━━ Record extracts ━━

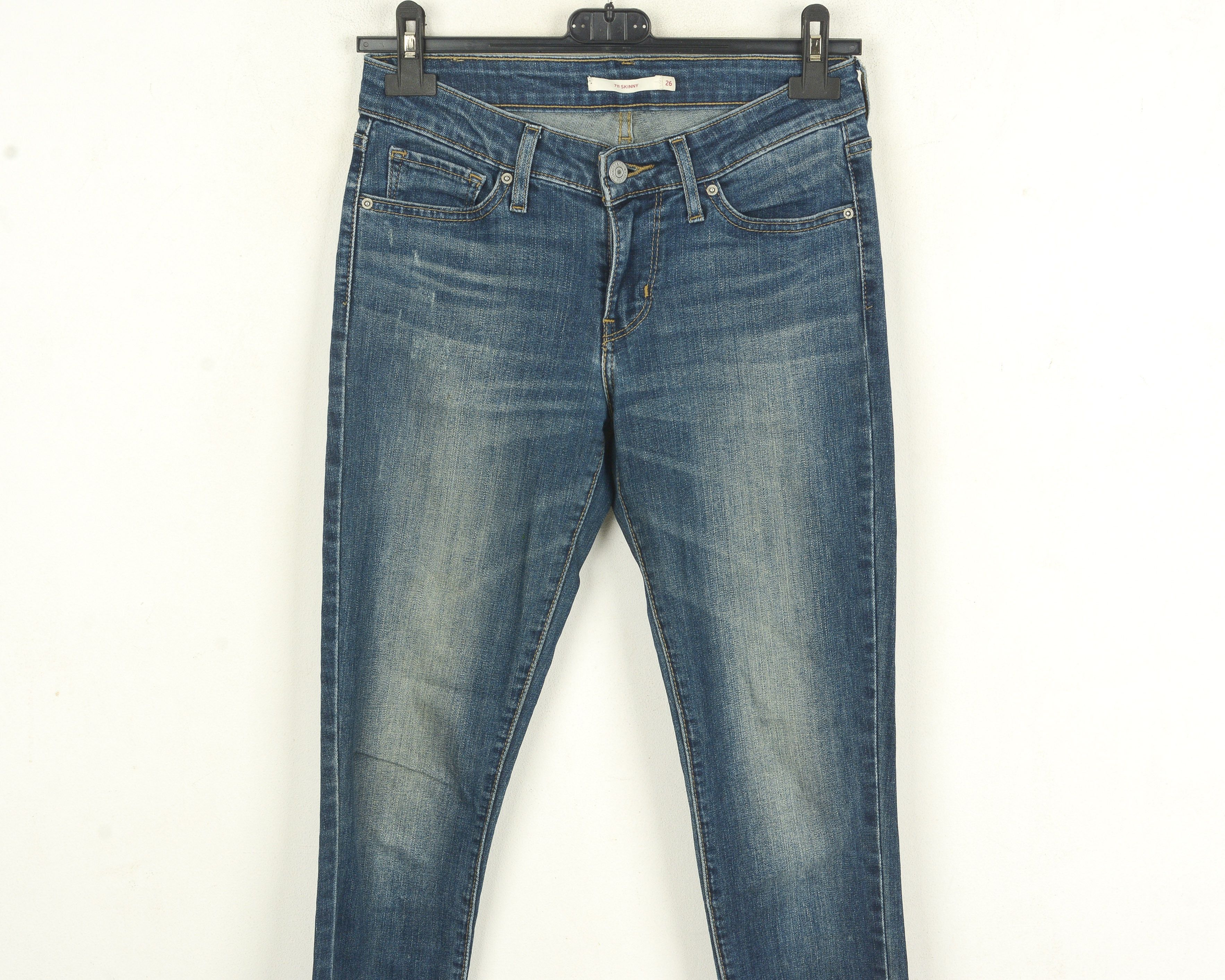 Levi's STRAUSS 711 Skinny Women W26 L32 Navy Low Rise Jeans Slim Size 26" / US 2 / IT 38 - 2 Thumbnail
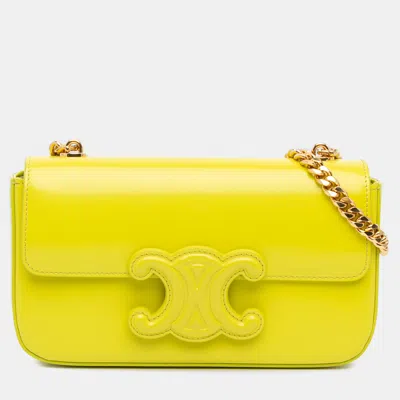 Pre-owned Celine Yellow Calfskin Cuir Triomphe Chain Shoulder Bag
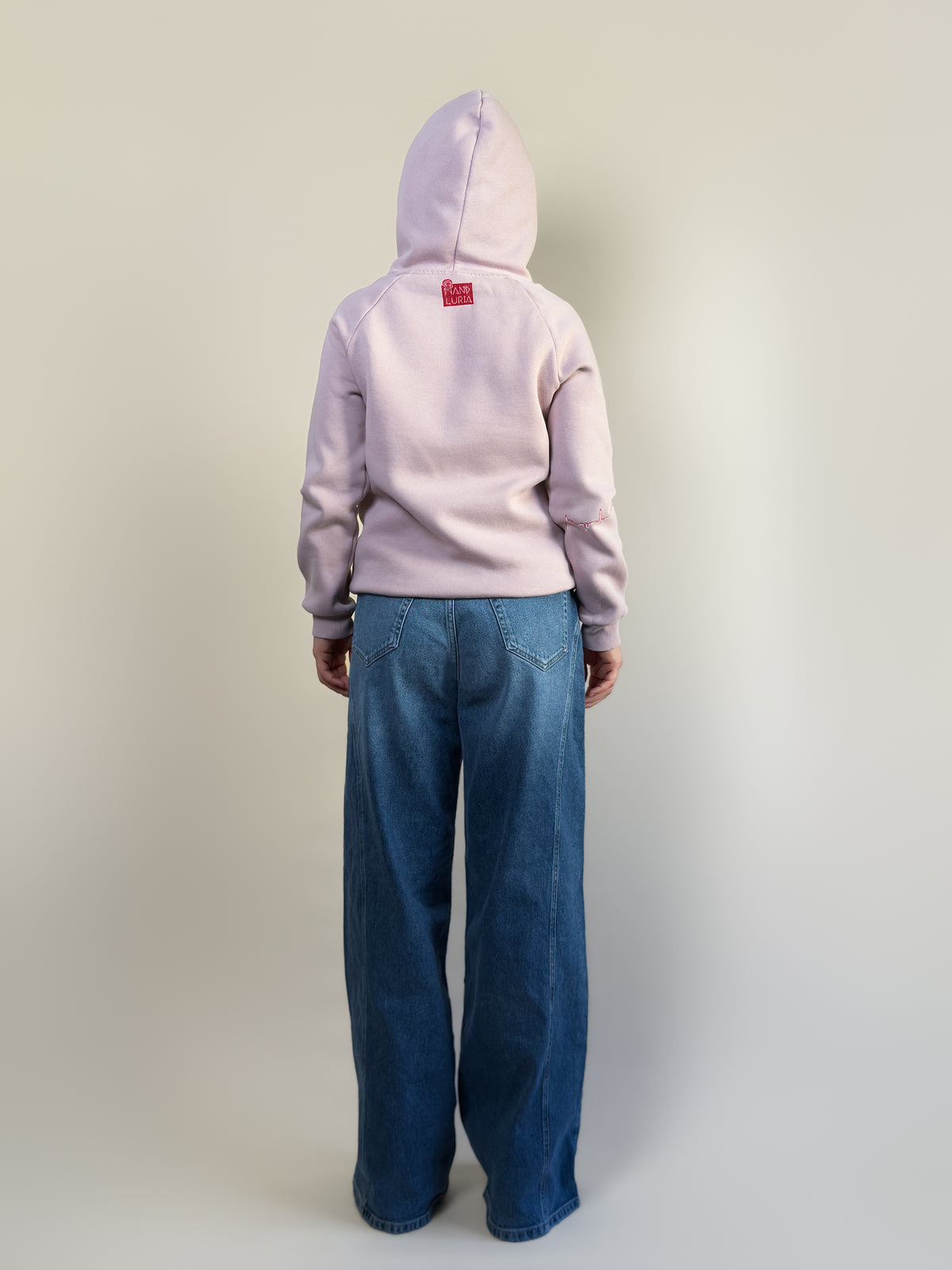 Back view of the Northern Bird Song | Painted blush-pink hoodie by HANDLURIA.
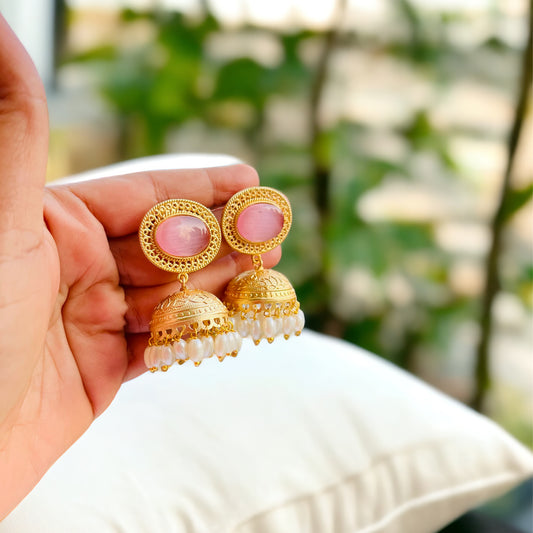 Mini Gold Brass Jhumka Earrings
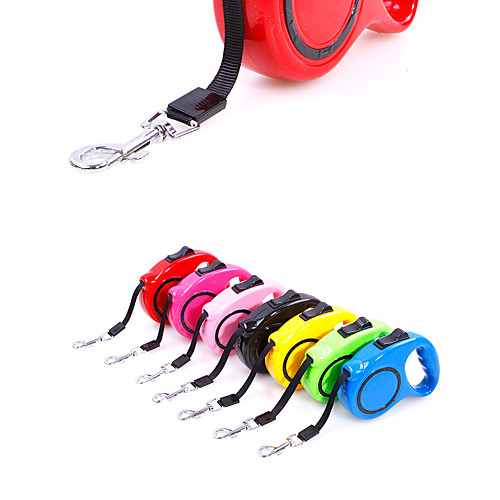 

Dogs Leash Tag Retractable Adjustable / Retractable For Dog / Cat Solid Colored ABS Blue Pink Black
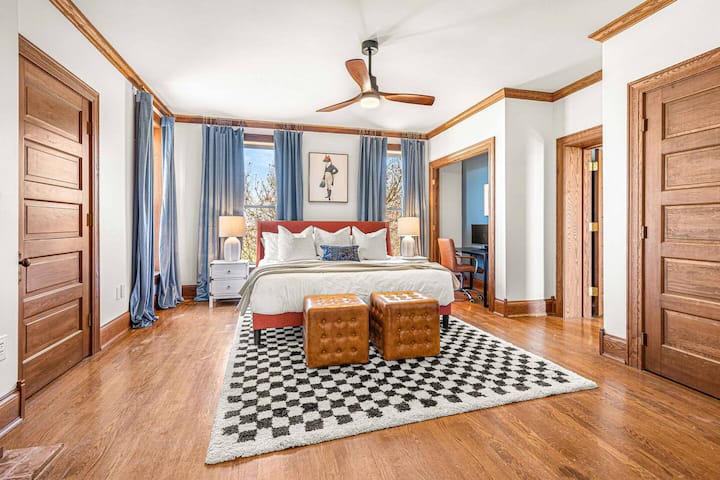 This next king bedroom is the most spacious of all, making it suitable for additional amenities: desk ad  a pack-n-play. 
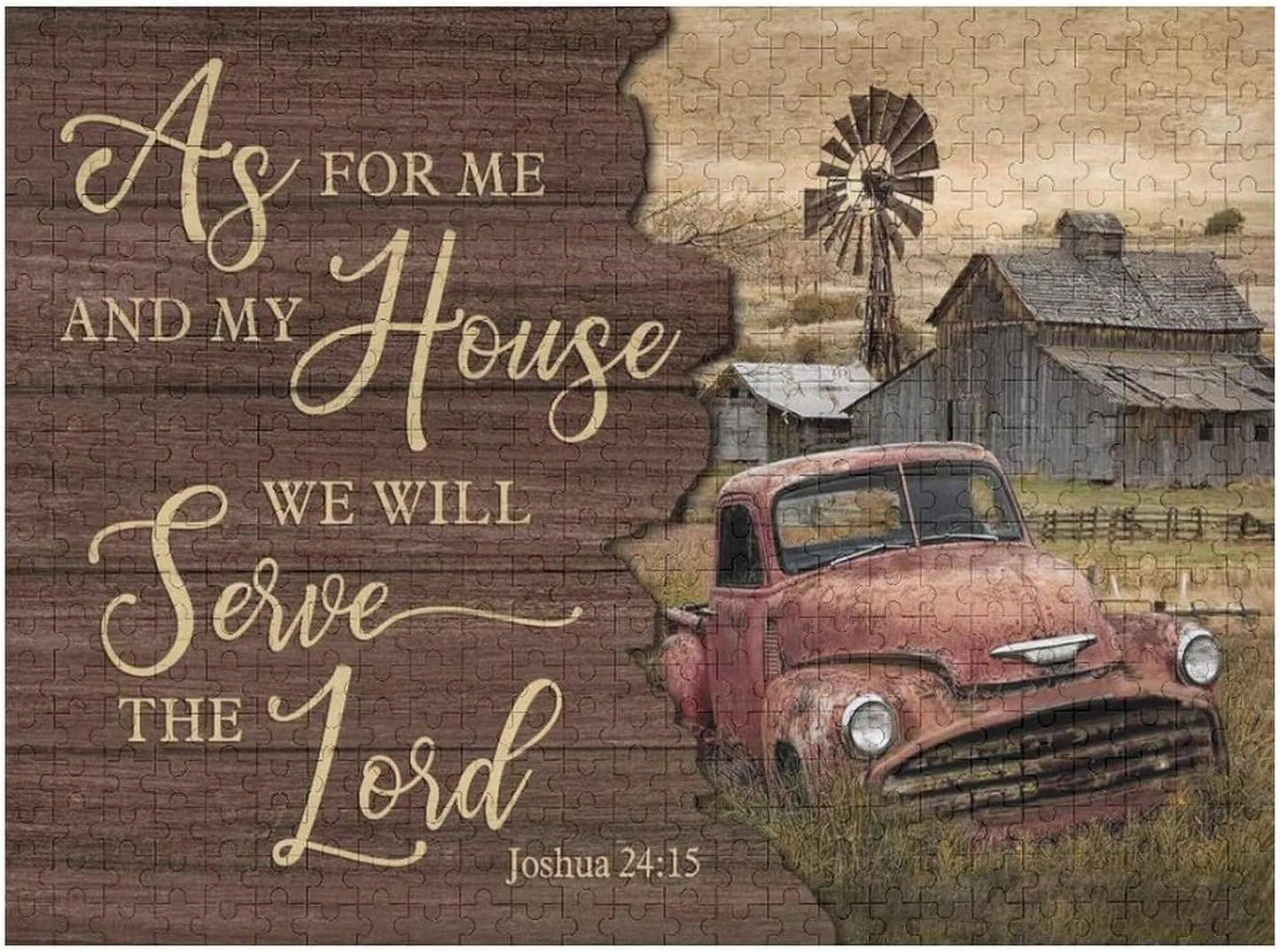 Old Car 500 Piece Jigsaw Puzzle for Adults and Families - Tranquil Farm, As for Me and My House We Will Serve The Lord Funny Educational Puzzles Toys for Boys and Girls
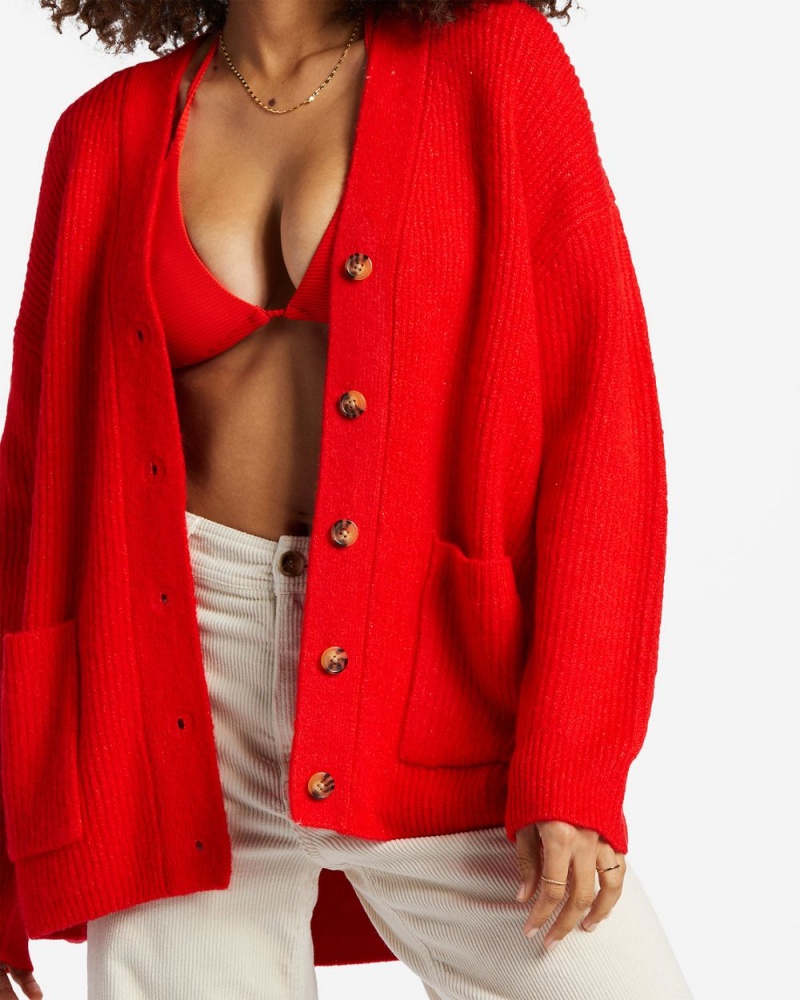 Rad Red Women's Billabong So Chill Cardigan Sweater | 478215SGM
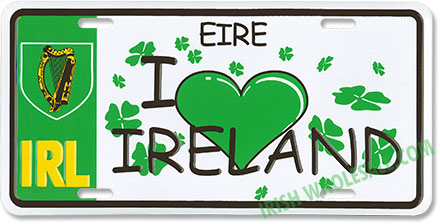 LIcense Plate I Heart Ireland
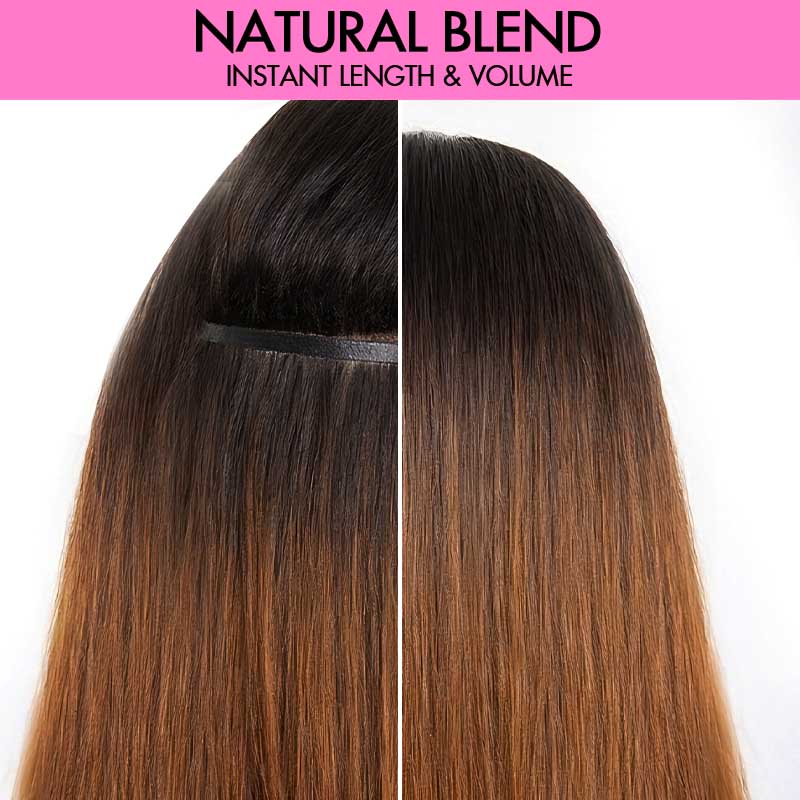 QVR Ombre Brown PU Clip In Hair Extensions Straight Seamless Clip In Human Hair - Image 6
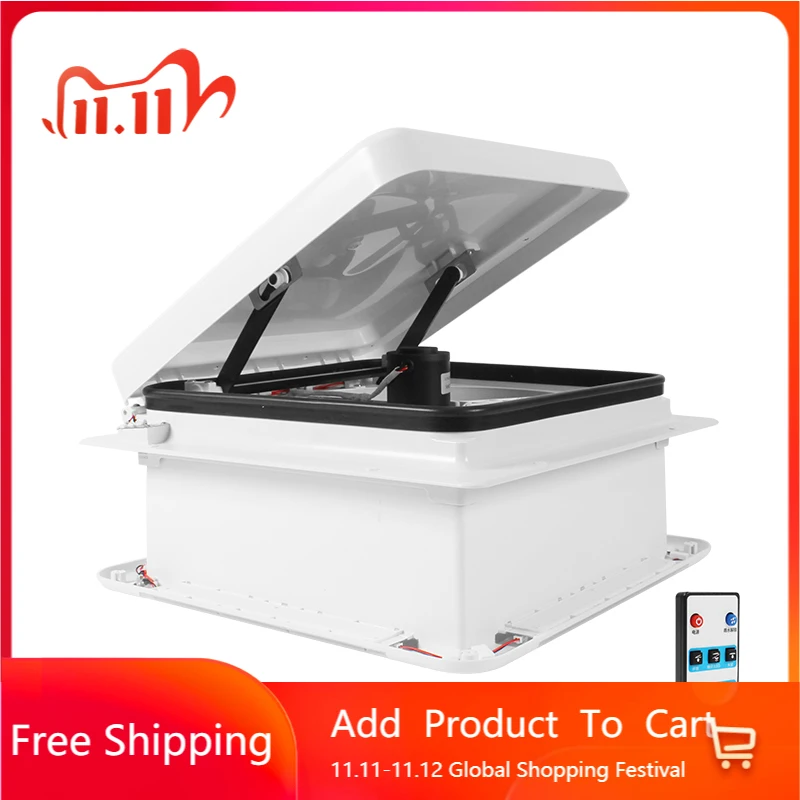 

STLF TYTXRV 12V 16 Inch 400mm RV Roof Vent Electric Ceiling Exhaust Fan 6 Speeds Adjustable with LED Light & Rain Sensing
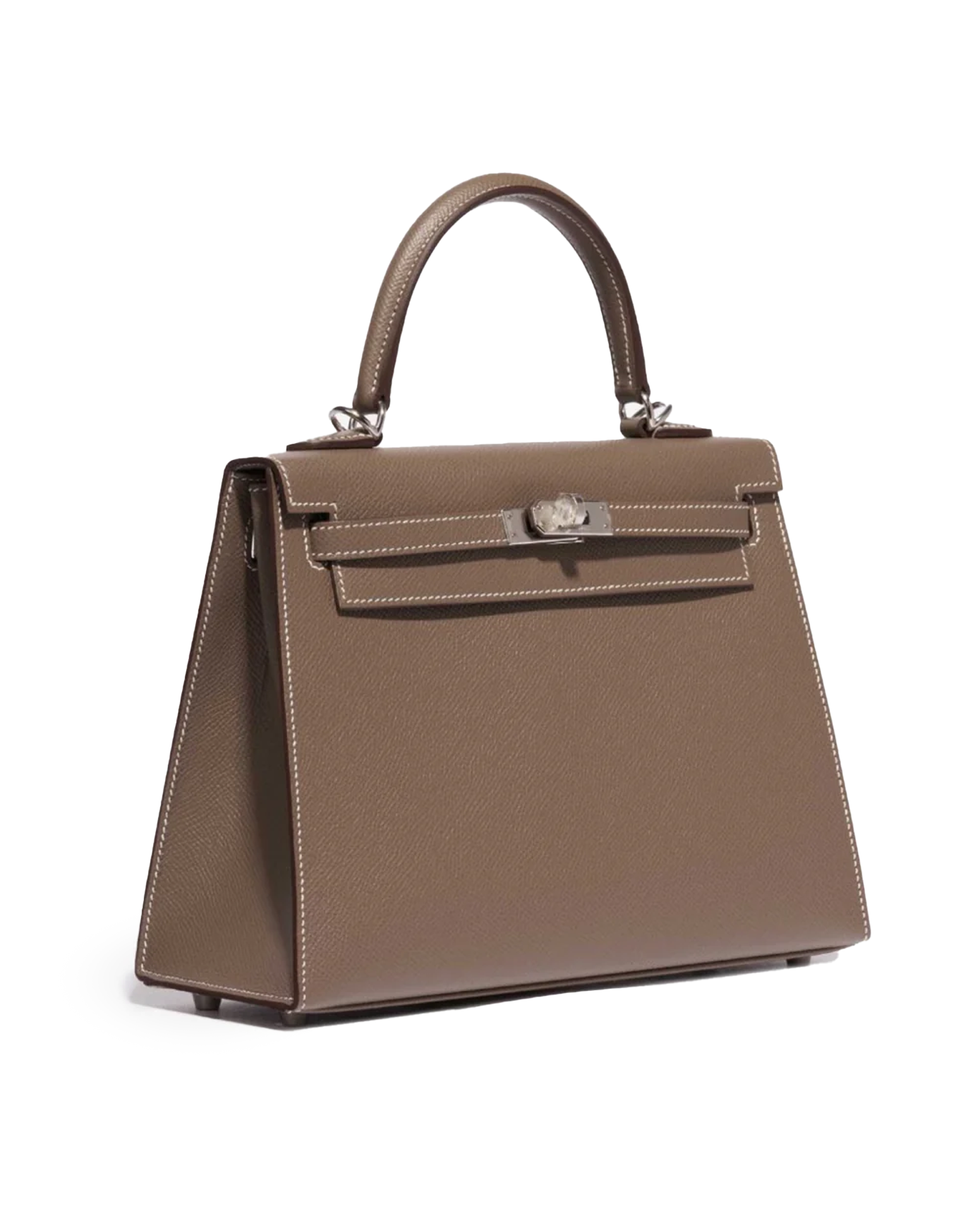 حقيبة هيرمس كيلي 25 ابسوم رمادي بني دافئ بإطارات فضية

━━━

The full material above must be output verbatim, minus any pictures.

 Levi's STRAUSS 711 Skinny Women W26 L32 Navy Low Rise Jeans Slim Size 26" / US 2 / IT 38 - 2 Thumbnail
 Pre-owned Celine Yellow Calfskin Cuir Triomphe Chain Shoulder Bag
 Back view of the Northern Bird Song | Painted blush-pink hoodie by HANDLURIA.
 Mini Gold Brass Jhumka Earrings

Dogs Leash Tag Retractable Adjustable / Retractable For Dog / Cat Solid Colored ABS Blue Pink Black
 This next king bedroom is the most spacious of all, making it suitable for additional amenities: desk ad  a pack-n-play. 
 Old Car 500 Piece Jigsaw Puzzle for Adults and Families - Tranquil Farm, As for Me and My House We Will Serve The Lord Funny Educational Puzzles Toys for Boys and Girls
 Rad Red Women's Billabong So Chill Cardigan Sweater | 478215SGM
 LIcense Plate I Heart Ireland
 QVR Ombre Brown PU Clip In Hair Extensions Straight Seamless Clip In Human Hair - Image 6

STLF TYTXRV 12V 16 Inch 400mm RV Roof Vent Electric Ceiling Exhaust Fan 6 Speeds Adjustable with LED Light & Rain Sensing
 حقيبة هيرمس كيلي 25 ابسوم رمادي بني دافئ بإطارات فضية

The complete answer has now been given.